Last week, I received request to increase PostgreSQL’s config parameter default_statistics_target on one of the very large DB clusters. The developers filled a ticket to increase the default_statistics_target to 10,000 at cluster level because one of the queries has started full sequencial scan instead of index scan.
By default, Postges cluster sets default_statistics_target to 100 but you can set up to 10,000. This parameter defines how many values are to be stored in the list of most common values, and also indicates the number of rows to be inspected by ANALYZE process.

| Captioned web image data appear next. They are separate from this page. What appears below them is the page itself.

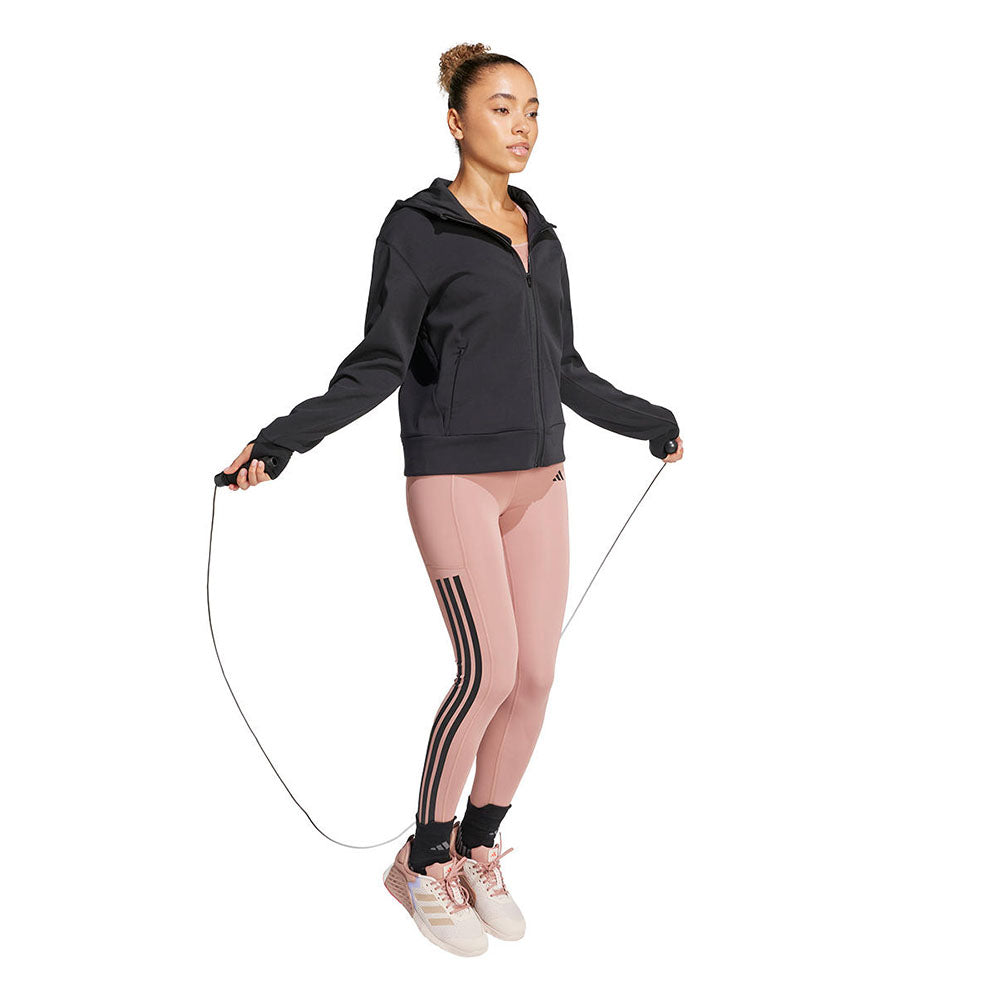 ADIDAS Designed 4 Training Full-Zip Women's Training Jacket - Supersports Thailand Supersports Thailand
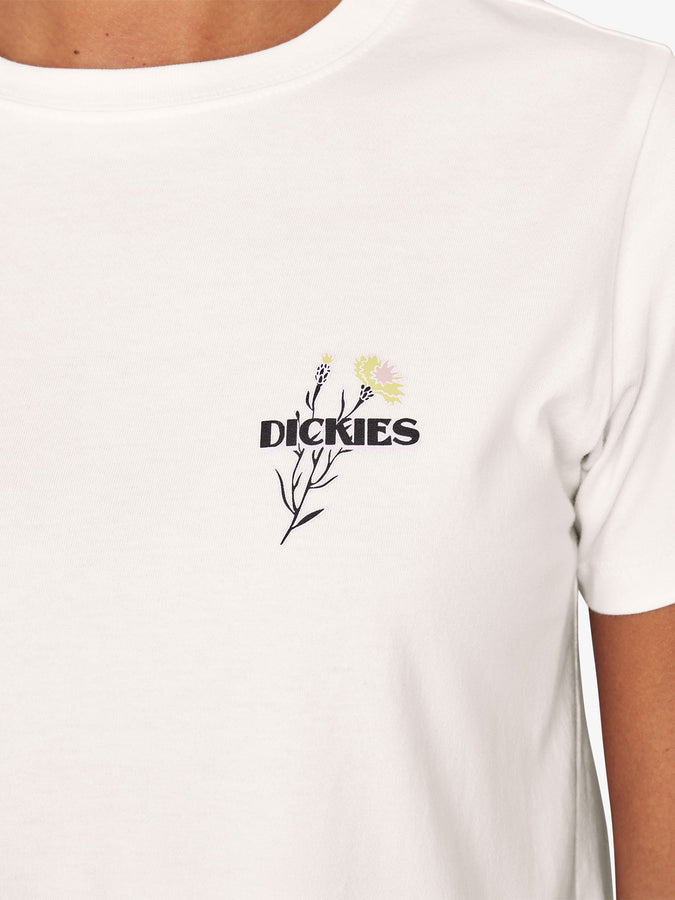 Dickies Herndon Women Crop T-Shirt Spring 2024 | CLOUD (CL9)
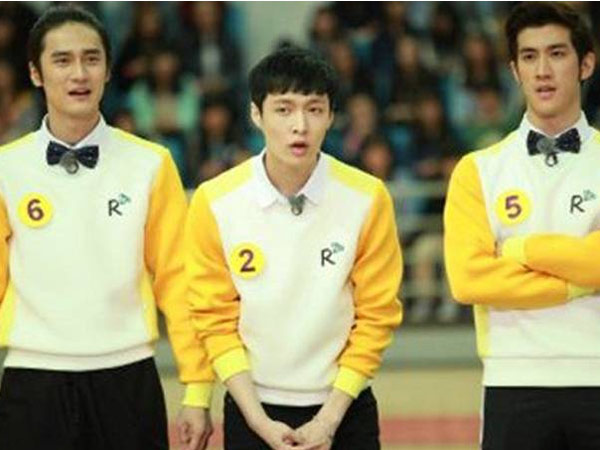 Intip Keseruan Lay EXO Saat Syuting 'Running Man' Cina Yuk!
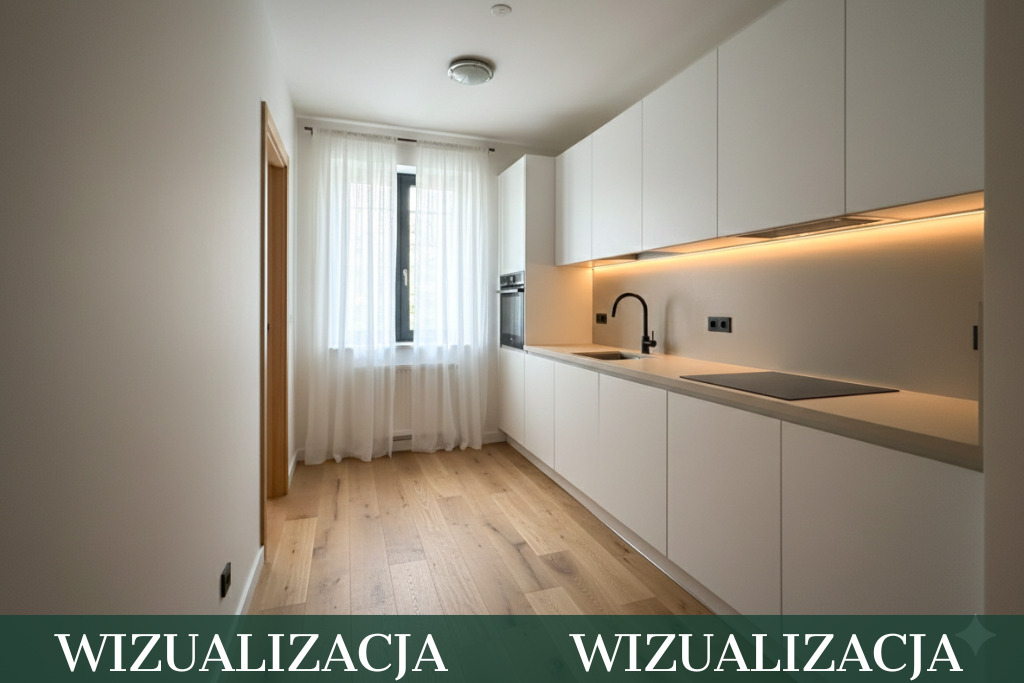 Dla rodziny | Świetna lokalizacja | Rozkładowe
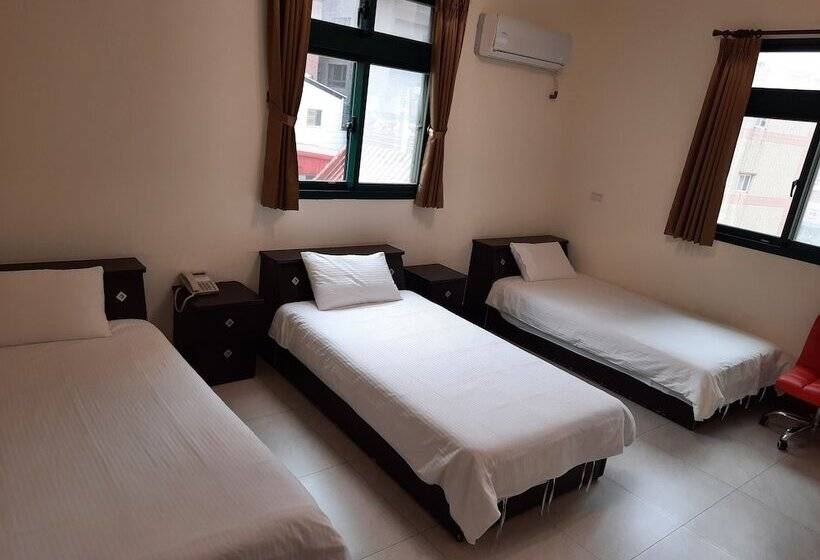 펜션 Jiu Wu Xiao Zhu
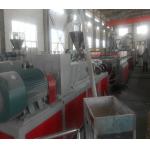 1220mm WPC Board Production Line for Construction , WPC Decorative Board Machine for sale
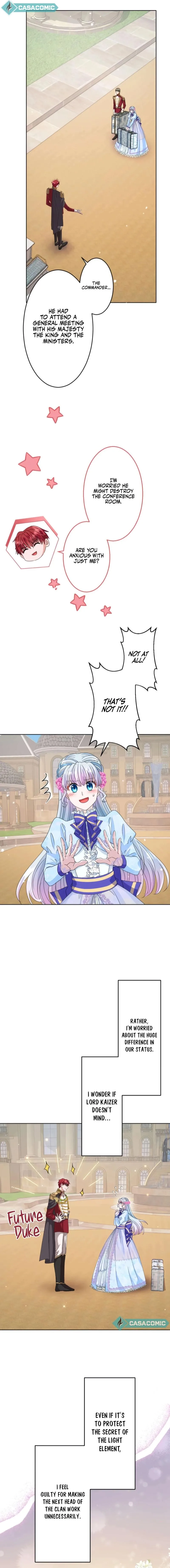 Kaihou Sengen – Dekiai mo Shuuchaku mo Okotowari desu! Chapter 42 page 9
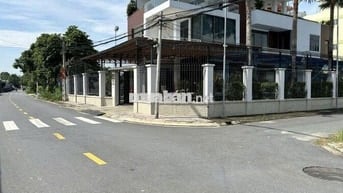 550Triệu. Lô góc 2MT Sổ Hồng Riêng 210m2 tại Thị Trấn Củ Chi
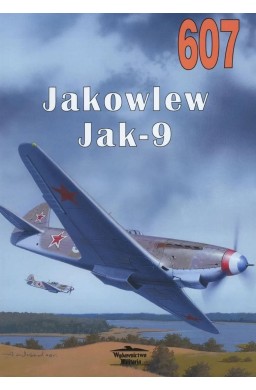 Jakowlew Jak-9 607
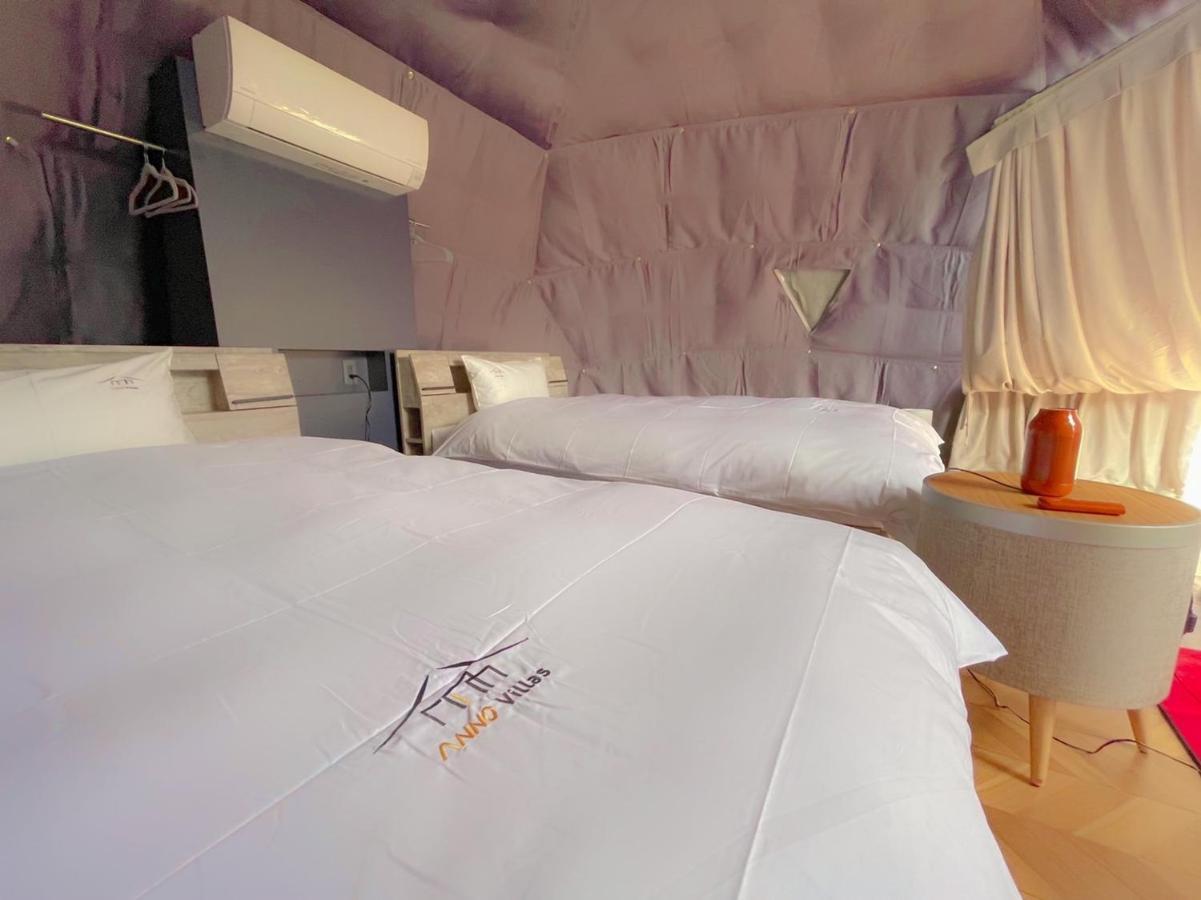 Necoana Glamping Annovillasグランピング Fudzsikavagucsiko Kültér fotó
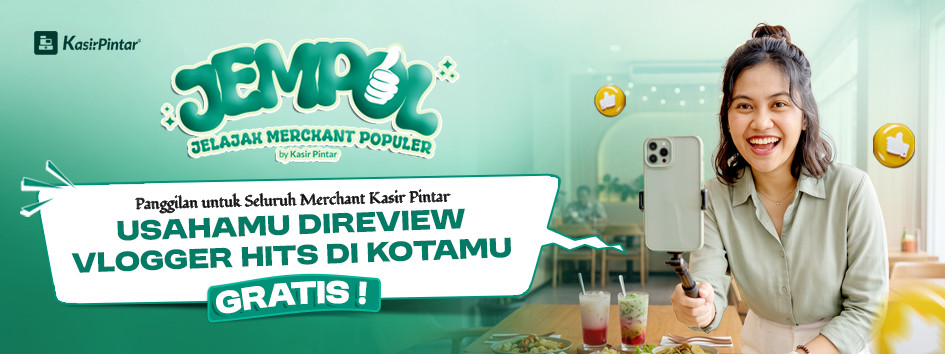 Kasir Pintar Blog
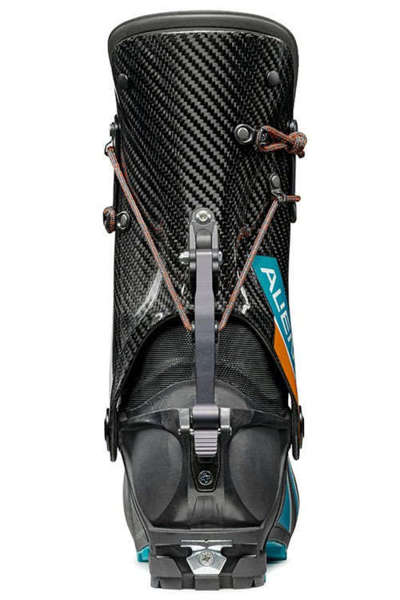 Buty skitourowe męskie SCARPA ALIEN 1.0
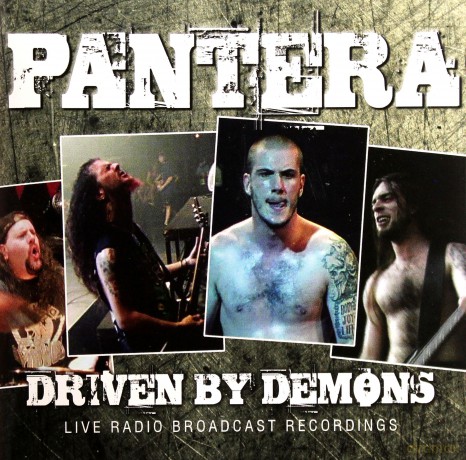 Pantera: Driven By Demons [CD]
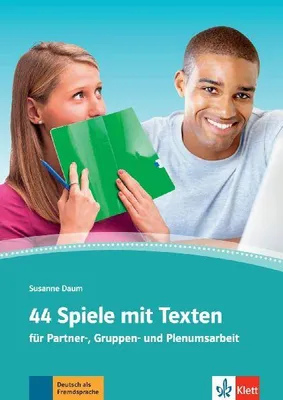 Produktbild von 44 Spiele mit Texten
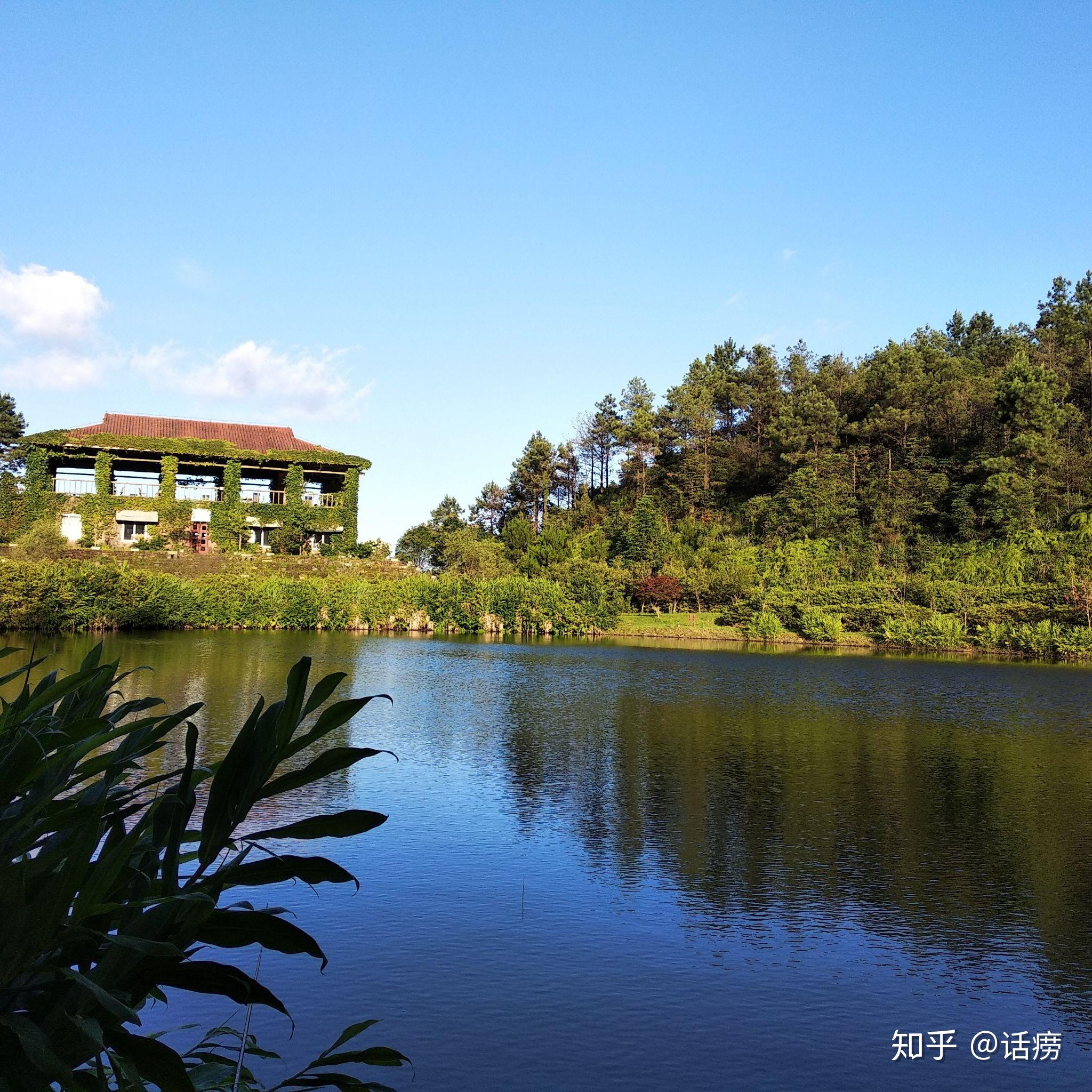 你的手机里有哪些自己拍的真实的风景照? - 知乎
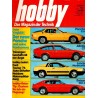 Hobby Nr.2 / 14 Januar 1976 - Porsche & seine Konkurrenz
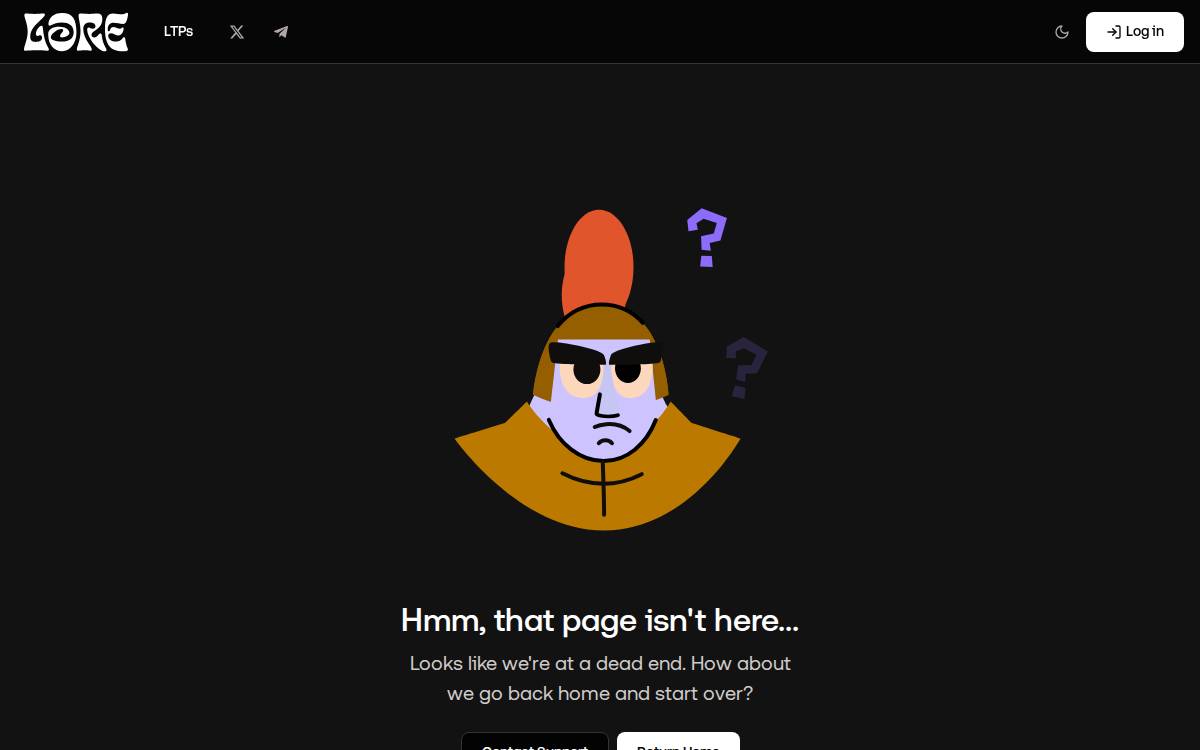 Tooling website preview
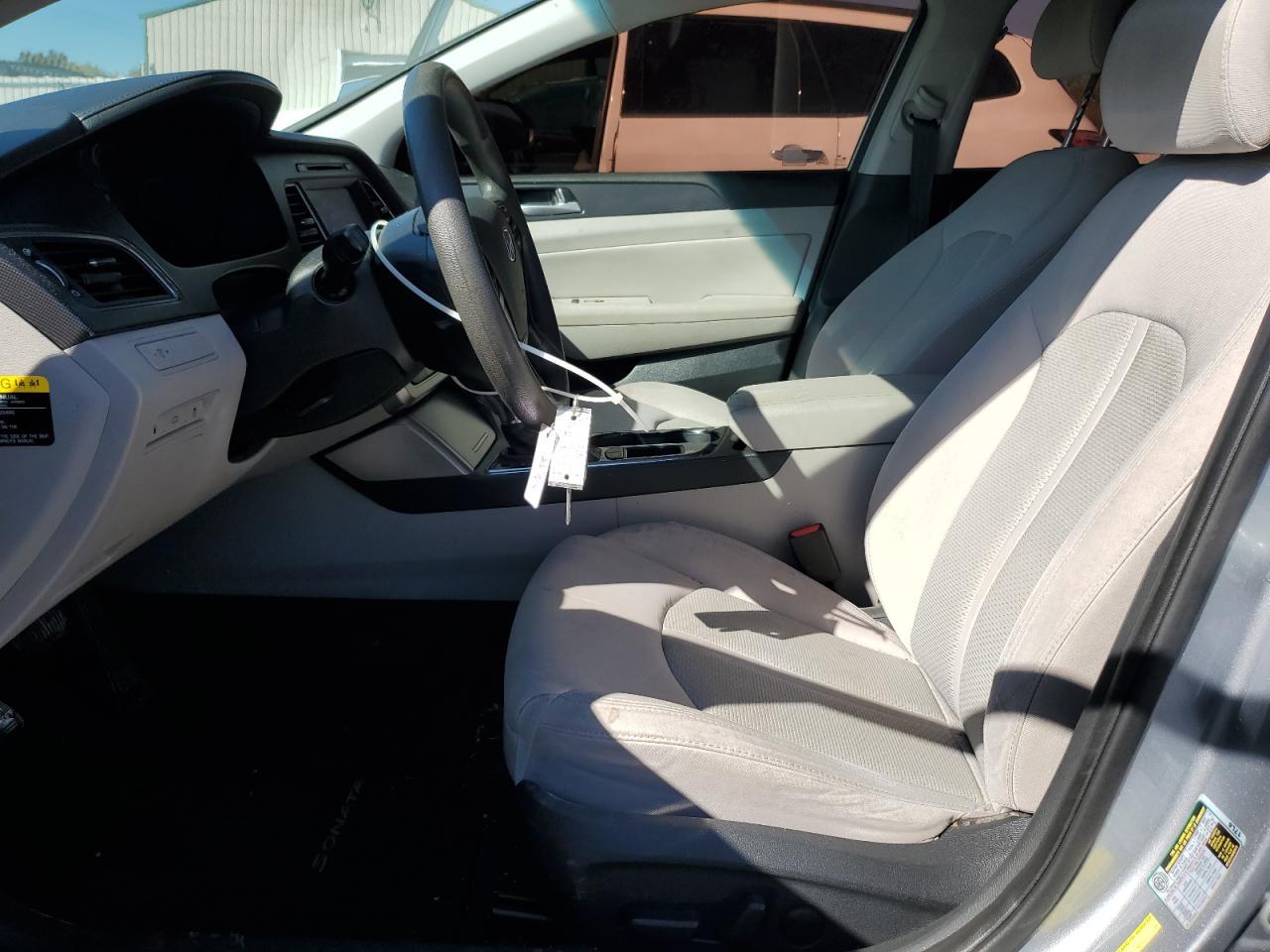 2016 Hyundai Sonata Sport - Фото 7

Out of curiosity, I dig into Postgres ANALYZE code to figure out how many rows is being scanned by ANALYZE based on default_statistics_target value. As you can see in line 1763, ANALYZE inspects rows up to multiple of 300 & default_statistics_target.
1763 stats->minrows = 300 * attr->attstattarget;
If the default_statistics_target value is 100, ANALYZE could scan up to 300 * 100= 30,000 rows to gather accurate statistics.
As per Postgres documentation on ANALYZE, if you increase the value blindly at cluster level it could hurt the smaller queries because query planning time could increase significantly by setting the default_statistics_target value to maximum, which can eventually degrade the peformance for simple queries. The next logical step for me to find out optimal value for the default_statistics_target for the specific table with slow query. I will probably start with increasing value to 1000 and increase/decrease value based on EXPLAIN ANALYZE query results.
When you try to tune default_statistics _target for your database server, hopefully this finding will help. Let me know, if you have alternate views or idea for tuning the setting. Thanks!